DESCRIPTION OF THE TASK:
In the entries below, repeat only the lines between those holding "1959 SYLVANIA SUN" and "Dont【Thirty Progressive Exercises", inclusive. Leave pictures out.

DATA FOR REVIEW:
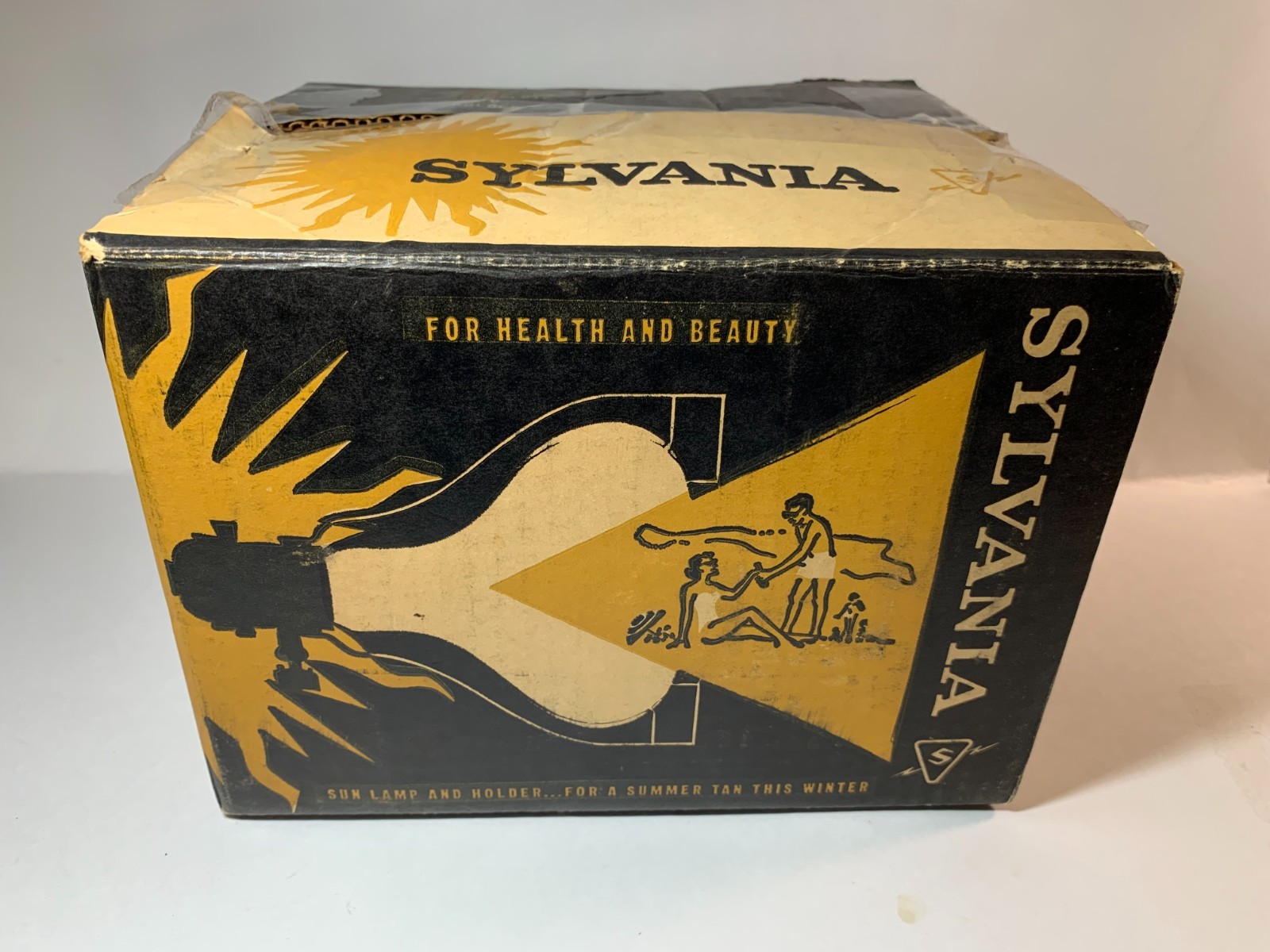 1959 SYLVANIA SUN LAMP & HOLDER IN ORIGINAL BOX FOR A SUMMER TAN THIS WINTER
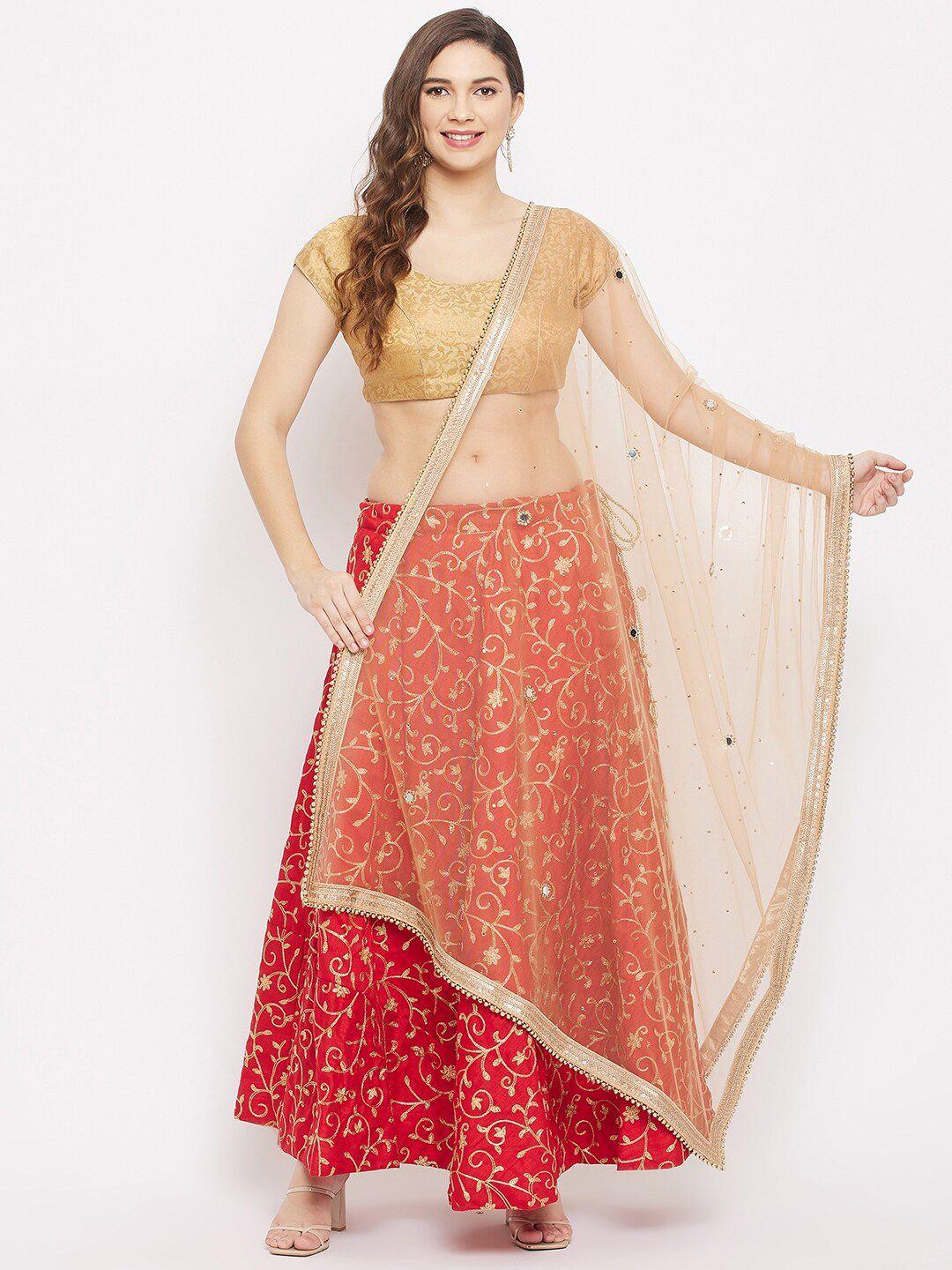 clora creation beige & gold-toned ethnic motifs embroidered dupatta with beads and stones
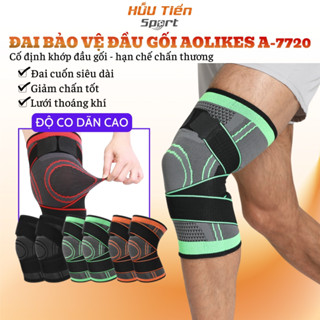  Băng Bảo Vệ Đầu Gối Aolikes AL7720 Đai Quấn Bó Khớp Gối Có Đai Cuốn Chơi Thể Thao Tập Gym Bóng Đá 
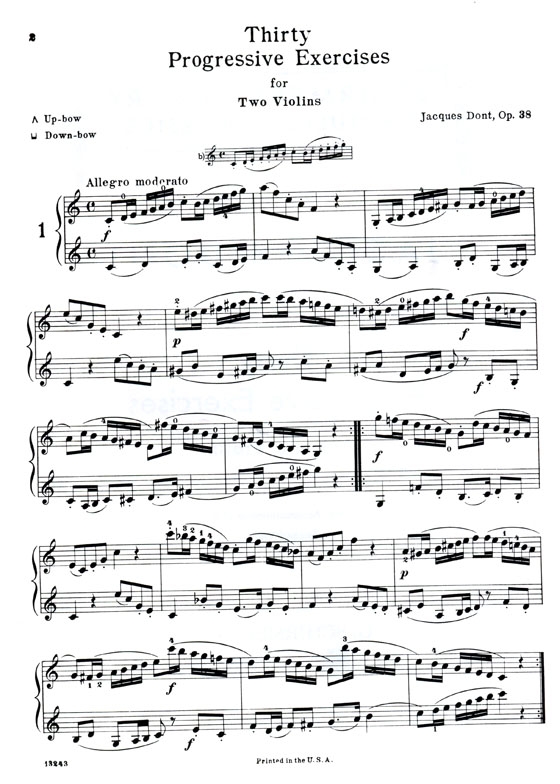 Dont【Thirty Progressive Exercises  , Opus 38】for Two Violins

--

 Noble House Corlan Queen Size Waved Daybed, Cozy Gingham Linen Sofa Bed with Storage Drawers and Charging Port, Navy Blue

ANSWER TO THE EXERCISE:
 1959 SYLVANIA SUN LAMP & HOLDER IN ORIGINAL BOX FOR A SUMMER TAN THIS WINTER
 clora creation beige & gold-toned ethnic motifs embroidered dupatta with beads and stones
  Băng Bảo Vệ Đầu Gối Aolikes AL7720 Đai Quấn Bó Khớp Gối Có Đai Cuốn Chơi Thể Thao Tập Gym Bóng Đá 
 Dont【Thirty Progressive Exercises  , Opus 38】for Two Violins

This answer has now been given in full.